It has nearly as much crude reserves as the US and Saudi Arabia combined. So how come Venezuela's oil production and exports are slipping and the public is raging in the streets?
Venezuela exports us oil chartEnlarge
United States' imports from Venezuela of crude oil are declining. (US Energy Information Administration/Courtesy)

NEW YORK — Lurking behind the barricades in Venezuela, where pro- and anti-government forces have battled on and off for more than five weeks, one of the biggest contradictions on the planet helps explain what’s gone wrong with Hugo Chavez's Bolivarian revolution.

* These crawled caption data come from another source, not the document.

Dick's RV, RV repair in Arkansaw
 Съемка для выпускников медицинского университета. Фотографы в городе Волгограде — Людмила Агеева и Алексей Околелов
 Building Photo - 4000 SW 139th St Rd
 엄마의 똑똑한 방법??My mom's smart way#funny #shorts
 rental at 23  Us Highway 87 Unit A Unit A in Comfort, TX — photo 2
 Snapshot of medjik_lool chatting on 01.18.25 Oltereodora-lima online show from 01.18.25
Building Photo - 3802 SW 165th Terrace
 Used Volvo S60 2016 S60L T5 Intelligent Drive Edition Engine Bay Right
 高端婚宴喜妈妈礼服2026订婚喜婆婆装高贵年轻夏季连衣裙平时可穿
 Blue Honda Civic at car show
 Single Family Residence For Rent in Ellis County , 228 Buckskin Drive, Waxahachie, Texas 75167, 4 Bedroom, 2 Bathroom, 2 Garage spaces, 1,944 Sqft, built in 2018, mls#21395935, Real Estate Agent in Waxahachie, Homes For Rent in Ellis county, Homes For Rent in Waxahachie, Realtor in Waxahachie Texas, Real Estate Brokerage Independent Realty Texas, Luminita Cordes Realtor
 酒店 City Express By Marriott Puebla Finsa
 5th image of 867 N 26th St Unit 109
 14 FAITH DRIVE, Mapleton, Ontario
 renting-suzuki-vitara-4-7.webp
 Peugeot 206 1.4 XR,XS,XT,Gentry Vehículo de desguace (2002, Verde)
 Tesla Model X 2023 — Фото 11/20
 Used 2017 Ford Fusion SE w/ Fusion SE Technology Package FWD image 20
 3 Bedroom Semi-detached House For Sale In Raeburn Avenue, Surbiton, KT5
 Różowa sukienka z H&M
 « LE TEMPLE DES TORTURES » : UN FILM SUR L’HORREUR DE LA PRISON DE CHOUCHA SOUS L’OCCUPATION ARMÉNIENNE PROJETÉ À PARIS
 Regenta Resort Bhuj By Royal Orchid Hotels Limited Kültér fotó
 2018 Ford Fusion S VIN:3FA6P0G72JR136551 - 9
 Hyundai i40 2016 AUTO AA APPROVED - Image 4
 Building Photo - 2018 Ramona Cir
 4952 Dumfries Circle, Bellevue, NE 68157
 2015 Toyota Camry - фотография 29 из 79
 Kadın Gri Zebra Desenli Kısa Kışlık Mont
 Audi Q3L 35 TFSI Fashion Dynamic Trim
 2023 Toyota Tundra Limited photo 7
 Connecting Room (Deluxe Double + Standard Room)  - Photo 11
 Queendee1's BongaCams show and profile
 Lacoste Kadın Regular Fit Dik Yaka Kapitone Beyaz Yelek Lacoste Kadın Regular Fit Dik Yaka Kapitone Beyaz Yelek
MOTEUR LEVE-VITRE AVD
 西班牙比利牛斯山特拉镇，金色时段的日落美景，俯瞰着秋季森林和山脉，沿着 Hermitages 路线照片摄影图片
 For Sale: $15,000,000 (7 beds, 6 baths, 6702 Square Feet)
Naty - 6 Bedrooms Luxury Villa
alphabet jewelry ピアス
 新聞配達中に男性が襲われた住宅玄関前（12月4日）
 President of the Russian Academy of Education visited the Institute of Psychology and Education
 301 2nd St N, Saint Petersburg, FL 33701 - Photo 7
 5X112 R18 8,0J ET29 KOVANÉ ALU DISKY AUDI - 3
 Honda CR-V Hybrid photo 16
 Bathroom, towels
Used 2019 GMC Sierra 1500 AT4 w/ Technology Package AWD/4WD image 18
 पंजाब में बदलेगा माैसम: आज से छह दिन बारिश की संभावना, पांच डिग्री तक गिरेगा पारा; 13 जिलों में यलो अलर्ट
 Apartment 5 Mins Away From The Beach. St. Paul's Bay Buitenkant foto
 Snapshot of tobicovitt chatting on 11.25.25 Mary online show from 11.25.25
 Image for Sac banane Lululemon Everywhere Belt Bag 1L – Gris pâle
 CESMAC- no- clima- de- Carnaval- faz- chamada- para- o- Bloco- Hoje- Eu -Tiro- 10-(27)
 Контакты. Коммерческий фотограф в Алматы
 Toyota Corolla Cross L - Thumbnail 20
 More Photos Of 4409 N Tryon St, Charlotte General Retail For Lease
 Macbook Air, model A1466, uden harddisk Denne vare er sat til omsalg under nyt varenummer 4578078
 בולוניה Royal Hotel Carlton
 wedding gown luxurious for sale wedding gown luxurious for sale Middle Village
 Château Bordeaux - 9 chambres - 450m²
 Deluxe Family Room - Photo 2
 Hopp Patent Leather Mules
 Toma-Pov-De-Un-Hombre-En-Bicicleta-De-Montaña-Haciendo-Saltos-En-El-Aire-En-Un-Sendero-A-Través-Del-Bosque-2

Over the past decade, discoveries of vast quantities of oil have vaulted the South American nation from seventh to first in the world in terms of proven oil reserves — i.e., oil that can be extracted from the ground. The US Energy Information Administration now reckons Venezuela's reserves hold 298 billion barrels (bb) worth. That's like adding the current estimate of total US reserves (26bb) to that of Saudi Arabia (267bb).

And yet, Venezuela’s oil production and export revenue during the same period have dropped precipitously.

The country that President Nicolas Maduro, Chavez’s successor, inherited has seen oil production sink nearly 25 percent since 2000, most of it due to a lack of investment in new exploration, a massive brain drain and poor maintenance at older fields.

This is particularly apparent in the drop in barrels destined for the United States, whose Gulf Coast refineries are uniquely geared to deal with the heavy, sour crude Venezuela produces.

Venezuelan oil exports to the US peaked in the mid-1990s at over 1.3 million barrels per day (bpd). By 2013 it had fallen below 775,000 bpd.

Oil troubles have helped drain Venezuela's hard currency reserves and exacerbate shortages of basic goods, leading to price gouging and fueling public anger.

The US and Venezuela differ ideologically, and the latter’s leaders regularly accuse the former of compounding their country’s woes. But Venezuela’s economic problems are mostly self-inflicted.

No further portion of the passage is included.